Segment Start: Data below

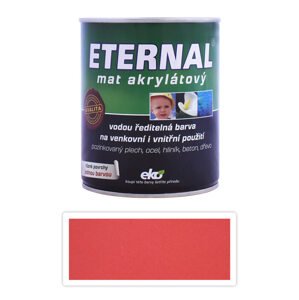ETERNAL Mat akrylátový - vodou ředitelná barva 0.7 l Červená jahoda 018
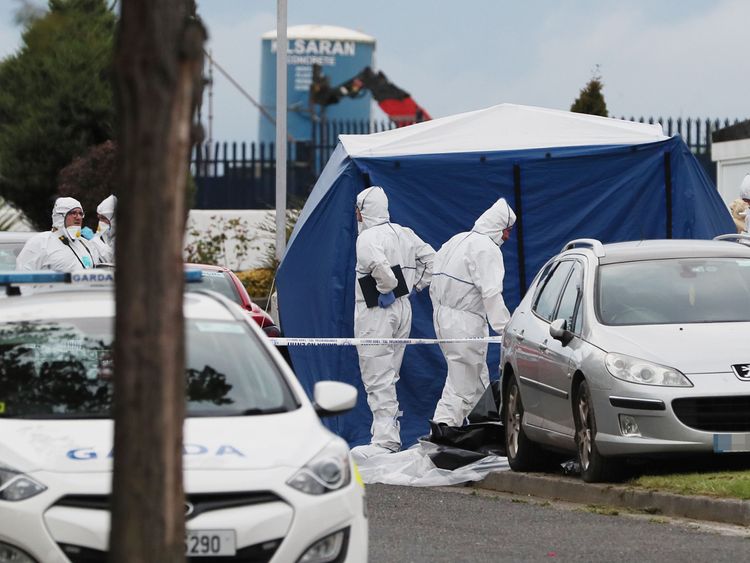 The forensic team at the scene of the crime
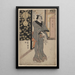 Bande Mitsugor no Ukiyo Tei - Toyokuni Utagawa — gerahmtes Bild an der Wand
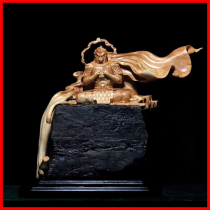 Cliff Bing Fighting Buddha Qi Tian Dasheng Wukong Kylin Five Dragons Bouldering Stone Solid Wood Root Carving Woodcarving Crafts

Segment End: Data below

▶ How to complete this task: Leave the pictures out, and reproduce only the lines from the line holding "Bande Mitsugor no" through the last line of the material, both included.

▶ Answer for the task:
 Bande Mitsugor no Ukiyo Tei - Toyokuni Utagawa — gerahmtes Bild an der Wand
 Cliff Bing Fighting Buddha Qi Tian Dasheng Wukong Kylin Five Dragons Bouldering Stone Solid Wood Root Carving Woodcarving Crafts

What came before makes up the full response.